В душу мне запал вопрос, но я не осмеливался задать его. И это меня смешило. Однако дядя Шах-Буба догадался сам.

– Наверное, думаешь: откуда тебе известно, Цавдар – орел или орлица? По усмешке твоей вижу, хитрец! – засмеялся и дядя Шах-Буба. – За Цавдаром я наблюдал вблизи. Снизу вверх. Когда он сидел на своем камне, отдыхая или тоскуя по погибшей подружке… Я никогда не видел, чтобы они сидели здесь вместе… А оставшись один, несколько дней он, застыв, оставался на этом камне. Хелеф даже попытался, подкравшись, поймать его голыми руками, но Цавдар чуть было не убил Хелефа. Охваченный тоской, орел разъярился и оказался сильнее человека. Попавшись под его острые когти и клюв, Хелеф кубарем скатился вниз по склону аж до самого дома дядюшки Антера. На крик Хелефа покойный Ахмед выскочил с ружьем. Но Цавдар взмыл в вышину и исчез с глаз. Он уже понимал, что ружье – штука опасная, судьба, смерть подружки преподали ему суровый урок… Однако месть остается местью. Тут уж никакой урок не идет впрок, хотя Цавдар и стал осторожным.
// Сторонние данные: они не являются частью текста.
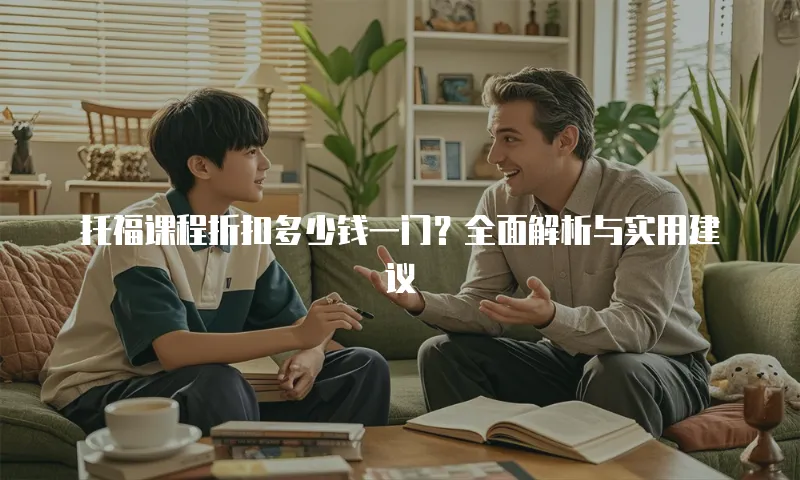 托福课程折扣多少钱一门？全面解析与实用建议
Охота на козлят одинокой старухи является для него местью людям, заставившим его пережить горе. Иначе он мог бы, как ты говоришь, охотиться на наших овец и ягнят в лощине Парсар или на птиц и мелкую дичь в лесу под Откусанным местом. Нет, он желает состязаться со старушкой Тенфе… Тенфе – это не Хелеф! – засмеялся дядя Шах-Буба, что-то подразумевая под последними словами.

Казалось, одновременно с нами и Цавдар опускался все ниже. Теперь он кружился над домом старухи Тенфе; казалось, он за чем-то наблюдает, на что-то решается, чего-то дожидается.

– Знаешь, почему Цавдар не осмеливается опуститься ближе к земле? – продолжил разговор дядя Шах-Буба.

– Нет. Я хотел об этом тебя спросить.

– Вот, сам смотри. Подумай и скажи, почему.

Мы подходили к дому старушки Тенфе. С холма, на котором мы находились, внизу, в небольшой лощине, виднелись одноэтажный дом, двор, огороженный изгородью из гибких прутьев, сад и огород. Чуть подальше от дома стоял хлев, приземистый и со стенами, изборожденными дождевыми струями. Хлев, который некогда занимала скотина, теперь, оставшись без сильных рук, которые обмазали бы его стены, ухаживали бы за овцами и коровами, выглядел осиротевшим. Дом бабушки Тенфе имел одну особенность: передней частью он был обращен не к югу, как принято, а на север, где находилось наше село. Должно быть, дедушка Антер, строя дом в этих лугах, хотя бы видом на село думал скрасить одиночество своей сакли. На южной стороне взор останавливался лишь на холмах, скалах и словно готовой обрушиться на тебя Красной горе. Место для дома было выбрано тщательно, взвесив все обстоятельства. В половодье ручьи и потоки не представляли для жилища опасности. Горные воды стекали в овраг, разрезающий склоны между Откусанным местом и Большой рекой. Дворик, залитый солнцем, казался еще светлее из-за покрывающей землю белой гальки. Во дворе сидела старуха Тенфе у сбитой из досок ограды террасы. Голова у нее упала на грудь. Наверное, как случается у старых людей, она пребывает в полусонном состоянии. Выше дома, сзади, находились две могилы. Только две. На валуне позади хлева стоял козел, да еще имел такой важный вид, точно своими рогами он поддерживал небо. Поодаль, в зарослях вербы, две козы обгрызли со стволов всю кору и теперь принялись за распускающиеся листья. Внизу мы увидели родник с желобом и накопителем для воды, которая, извиваясь, как змея, и сверкая разными оттенками, устремлялась по канавке дальше, к Большой реке. По обе стороны от родника были привязаны к колышкам два козленка, так, чтобы они не спутались веревками друг с другом, но могли дотянуться до воды.

«Наверное, родник заставил дедушку Антера выстроить здесь дом, – подумал я. – Иначе это место осталось бы просто полем. Без дома, без сада, без огорода… Но почему Цавдар не приближается к козлятам? Что ему мешает? Мог бы и напиться…»

– Цавдар видит, что козлята привязаны, и потому не решается напасть на них… – неуверенно заговорил я.

– Ты хорошо смотрел? – Мой ответ никак не подействовал на дядю Шах-Бубу. Значит, ошибся. Я пожал плечами, показывая, что признаю себя побежденным.

– Умение признать себя побежденным тоже относится к достоинствам мужчины, – сказал дядя Шах-Буба. – А все-таки вглядись еще раз, обостри свой взгляд, как алмаз.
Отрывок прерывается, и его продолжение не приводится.